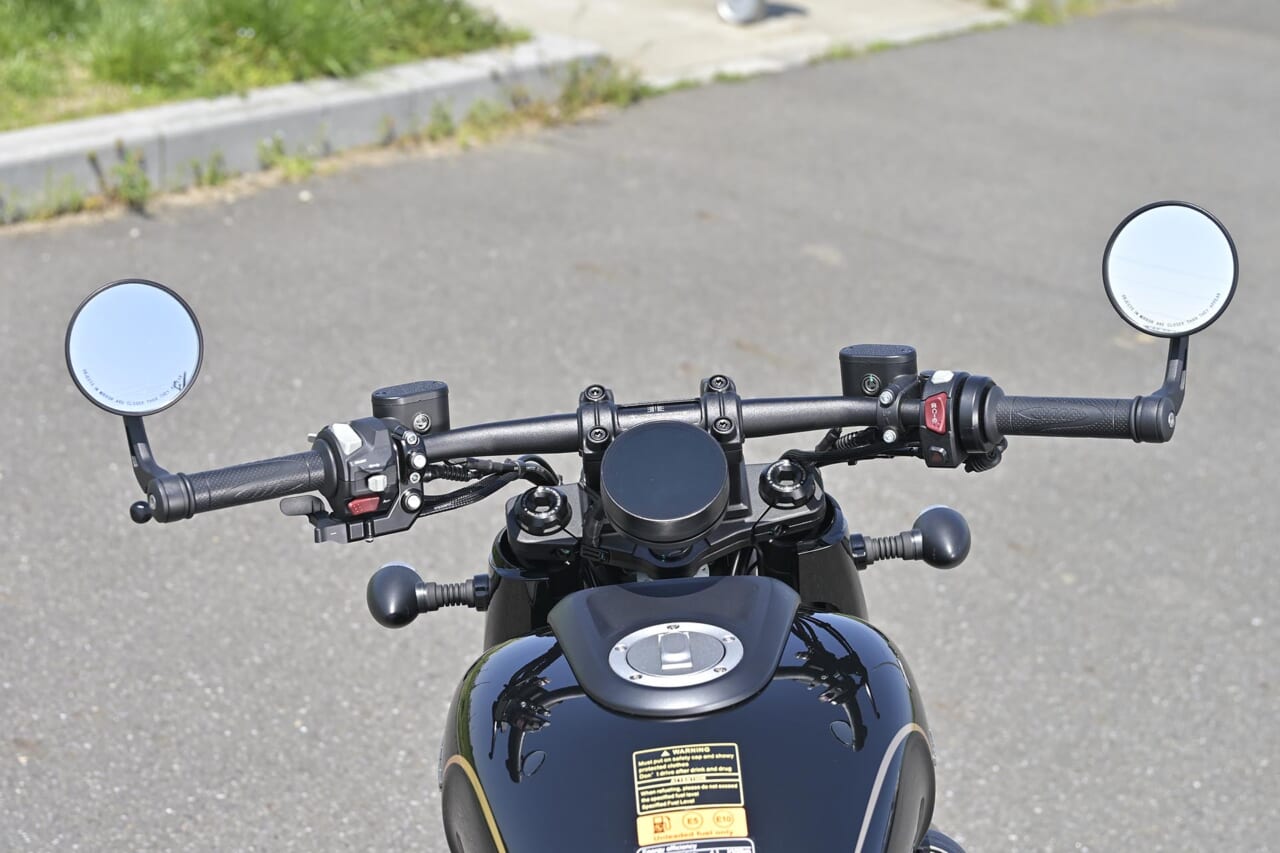 QJMOTOR｜SRV400A(AMT)｜ハンドル｜いつでもヤル気！ 豪華でオリジナリティあるマッスルクルーザーをオートマシステムがスパイシーに仕上げた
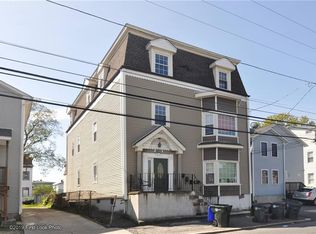 390 Potters Ave, Providence, RI 02907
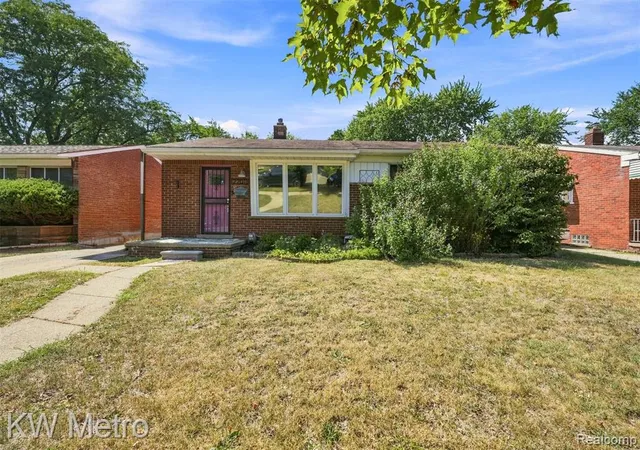 Photo 4 of Single family home for sale at 22011 Whitmore St, Oak Park, MI 48237 | MLS# 61023244 | Listing updated on 2026-08-30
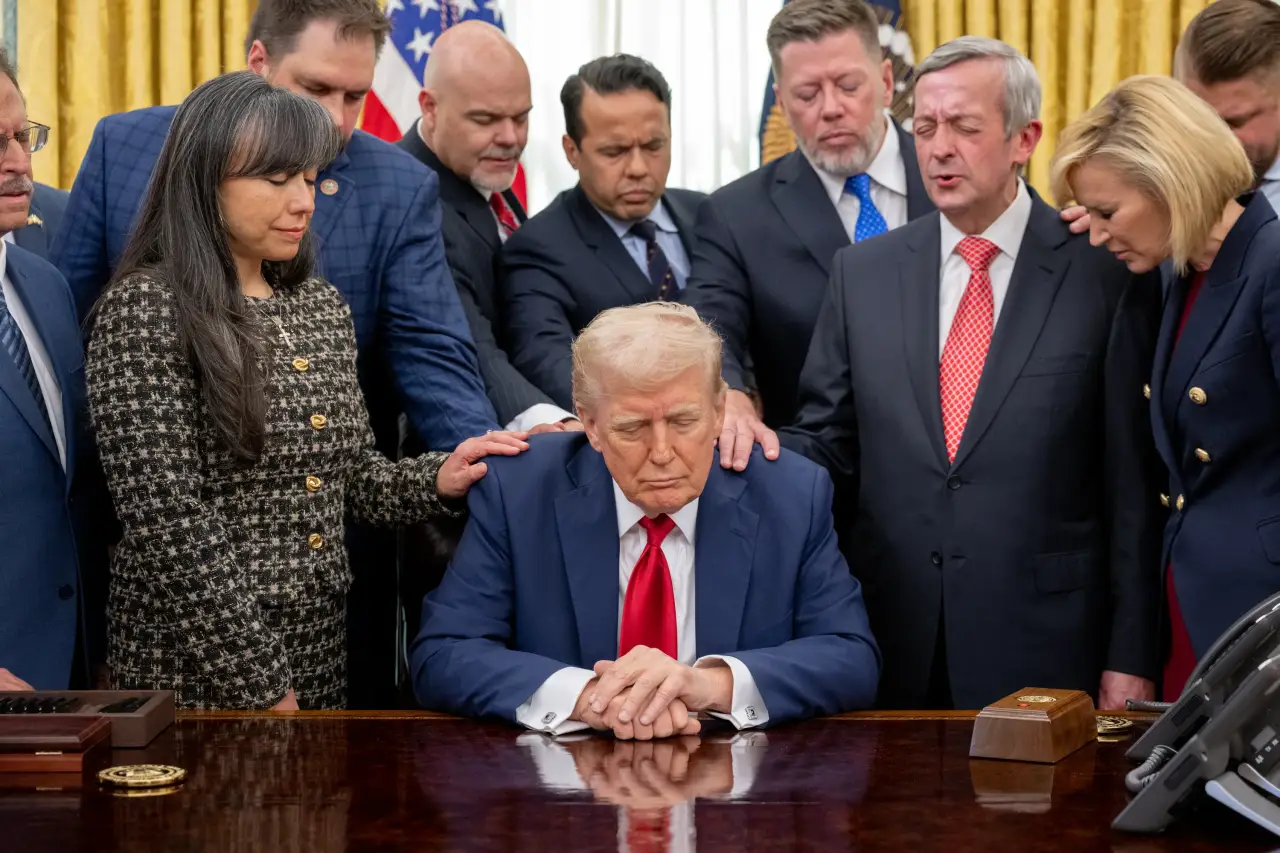 В Конгресс США внесено предложение об импичменте Дональду Трампу В Конгресс США внесено предложение об импичменте Дональду Трампу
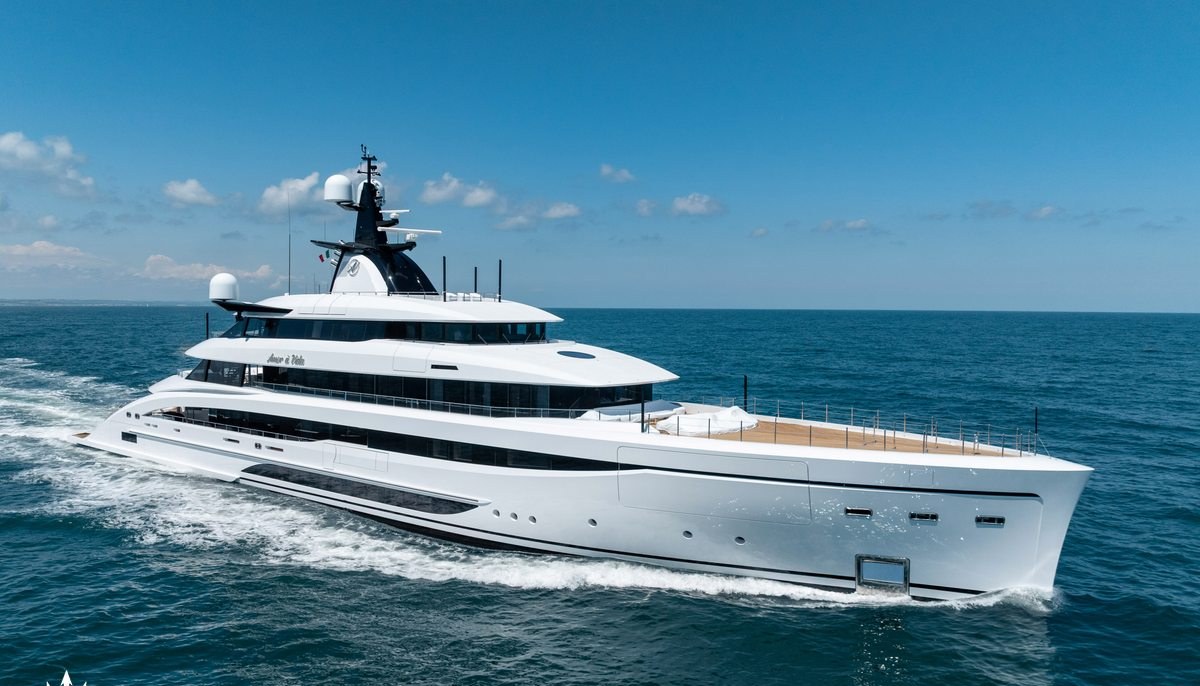 AMOR A VIDA yacht charter 2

WHAT TO PRODUCE: Retype, please, exactly the lines that begin with the one containing "Photo 4 of Single" and end at the last line of the entries above, both included, leaving out pictures.

ANSWER SECTION:
 Photo 4 of Single family home for sale at 22011 Whitmore St, Oak Park, MI 48237 | MLS# 61023244 | Listing updated on 2026-08-30
 В Конгресс США внесено предложение об импичменте Дональду Трампу В Конгресс США внесено предложение об импичменте Дональду Трампу
 AMOR A VIDA yacht charter 2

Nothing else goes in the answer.